Не спал и Митя. Привезя родителей и брата от Беклемишевых, он в дом не пошел, а решил прогуляться по бульварам. Над Москвой-рекой вставало рассветное солнце, золотя купол Ивана Великого и Кремлевских соборов, и в душе у Дмитрия Сергеевича словно тоже золотой шар искрился. Хотя скорее не золотой – хрустальный, который разбить боялся неверным словом или мыслью.
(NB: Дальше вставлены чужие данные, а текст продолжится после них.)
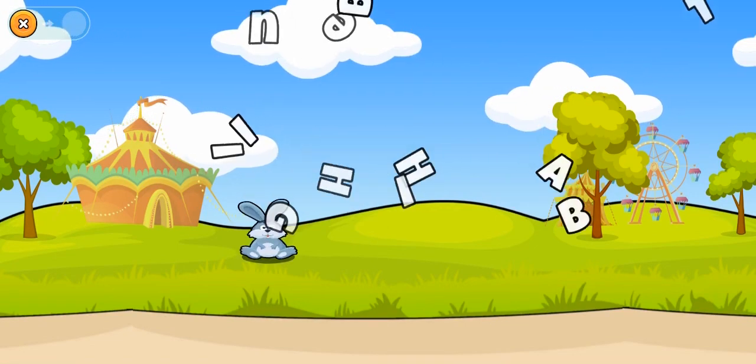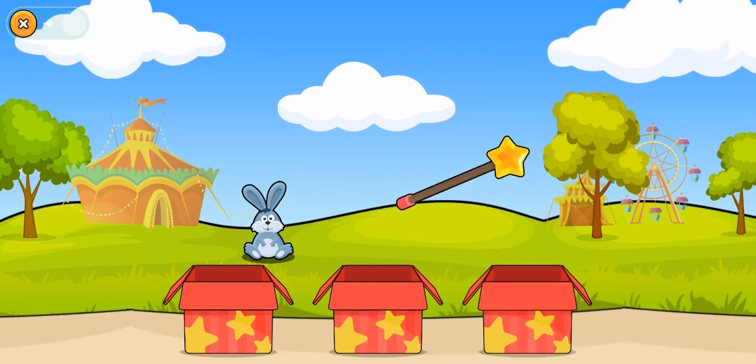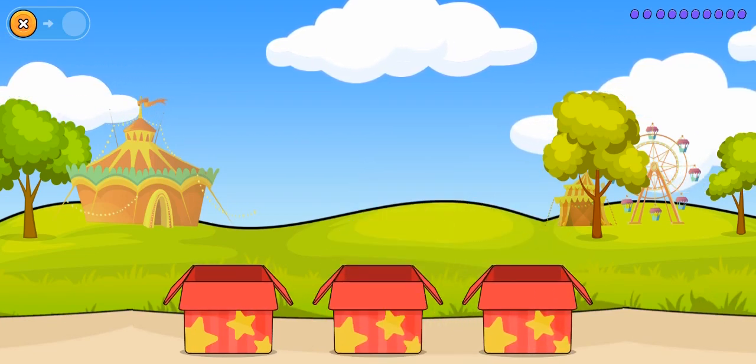The Hiding Rabbit. One, two, three. Find the Rabbit.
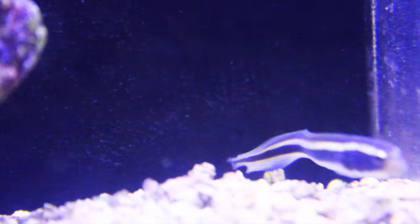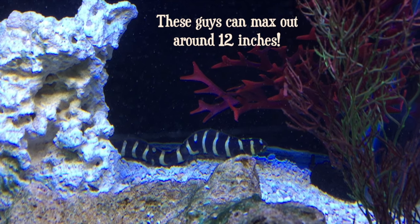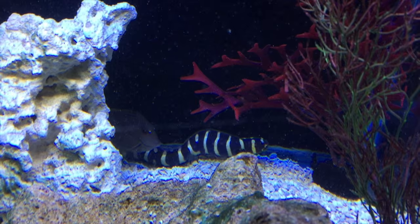They're a scaleless fish and they don't do well with copper or other chemical treatments. The markings on this fish change drastically as it matures — the stripes that ran lengthwise down its body change to smaller vertical banding.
Давеча на балу и особенно после, в музыкальной комнате, уверился он окончательно в том, что дороже Гликерии Александровны никого в целом свете нет. «Да вот только что с этим делать? Как сама она к нему относится? Ответит ли взаимностью, или Василий ее сердце пленил? О чем они там говорили, когда ноты доставали? И не спросишь, и не узнаешь, разве что сама обмолвится невзначай, – граф облокотился о чугунные перила моста и посмотрел на икрящуюся в лучах солнца водную гладь. – Вот и она такая – искрящаяся, светлая, радостная», – подумалось ненароком, и родилась в голове юнкера мысль, может, не самая лучшая и продиктованная не только любовью, но и эгоизмом – просить у старого князя руки его внучки. Услышав от отца, что Беклемишев повезет Лику в Петербург на Сезон, Митя испугался, но не сильно – впереди было почти все лето в имении по соседству, прогулки на лошадях и пешком, катание на лодках, охота, танцы – обычные летние развлечения, во время которых он бы находился рядом с Гликерией Александровной почти неотлучно, и уж точно сумел склонить чашу весов на свою сторону, и тогда никакая столица не страшна. Да вот только нонче Василий приехал, и все планы смешал.

9

На воздушном океане – Ария Демона из одноименной оперы Рубинштейна. Демон – опера Антона Рубинштейна в трех действиях, семи картинах, на либретто Павла Висковатова, по одноименной поэме М.Ю. Лермонтова. Премьера состоялась в Петербурге, 13 (25) января 1875 года, в Мариинском театре.